Mega, multi-national, super-brands aren’t new news. We’ve been living with global brands like Nike, Apple and Zara for decades. Their expansion has been unprecedented, and aside from the global domination aspect of it, I’m pretty sure they’ve made their finance teams and investors pretty happy too.

This mass-globalisation effort has worked in favour of these companies because their sheer size and presence has helped to build their reputation and earn the trust of their customers. All of this was going beautifully, until the 2000s, when people consumers wanted to feel like people again, and feel like their shopping experience was a unique one, not part of a generic global roll-out branding strategy.
The much bigger picture of this story is the pendulum swing we’ve seen away from mass-consumerism, toward the one-off, the bespoke and the artisanal; in short, the Hipster movement. But rather than delve in deeply to that scene, instead I want to focus on just one area of the movement, localisation.
It’s a broad term that can cover anything from where something is made, to where it’s consumed, and even the distance between the two. But in the realm of retail experience, brands need to go further than just opening a store in another city, they need to show their customers they a part of their customers' city.

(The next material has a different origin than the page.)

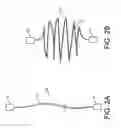 Fig. 03 - Monofilament implants and systems for delivery thereof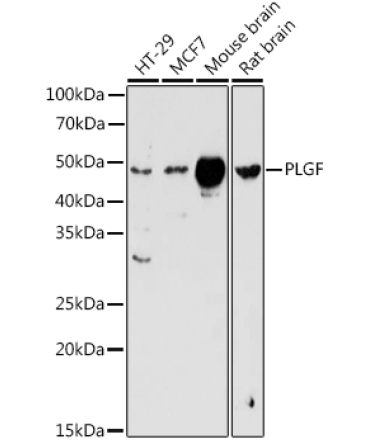 PLGF Rabbit Polyclonal Antibody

But herein lies the rub that all brand-focused companies face. How do you maintain the balance between keeping your brand looking uniform and universal, and adjust the brand-front enough that it can reflect its environment?

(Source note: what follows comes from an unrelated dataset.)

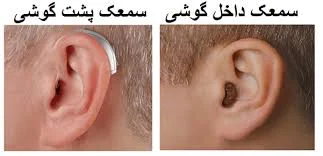 عوارض سمعک پشت گوشی چیست؟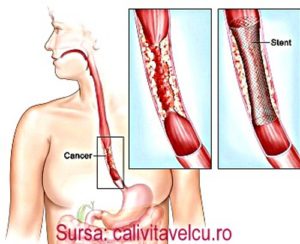 cancerul-esofagian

The bigger the brand, the trickier it gets, but so too does the return on investment.
Two brands who I think have handled this well that immediately spring to mind are L’Occitane and Diptyque.

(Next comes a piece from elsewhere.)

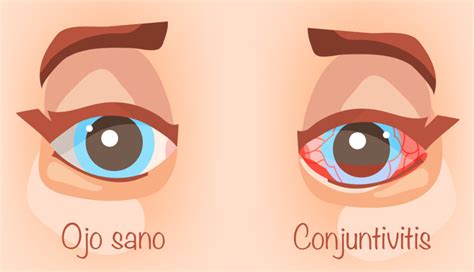 Ilustración o foto de un ojo infantil con conjuntivitis y luego sano.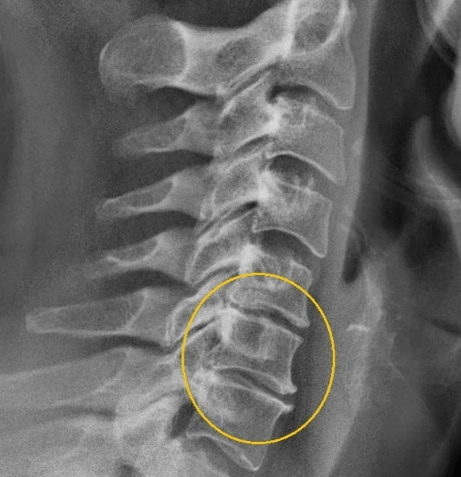 cervical osteochondrosis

Diptyque don’t so much tailor their store’s interior design so much as they tailor their products. Each year, they offer limited ranges of scented candles, dedicated to cities they operate in, eg Berlin, Miami and Tokyo. They may not be cities you immediately think about favourably when it comes to aromatics, but Diptyque’s local ranges show a brand intelligence that their sometimes-faceless competitors overlook.

L’Occitane are showing their localisation a little differently. Last week, I was in the city and as I walked past the L’Occitane store, I noticed their windows were full of dinky, cardboard model trams. I automatically assumed they could be trams from anywhere, but up close, they were distinctly Melbourne trams. To bring the local point home, their signwriting championed the (possibly tenuous) link between Province and Melbourne. It’s a small gesture, but enough of one that it has stuck with me. For longer than a fleeting second, I felt L’Occitane itself realised it was a part of our city.
For the brands willing to risk breaking the corporate mold and go off-piste, there’s every chance we’ll actually see you amongst us.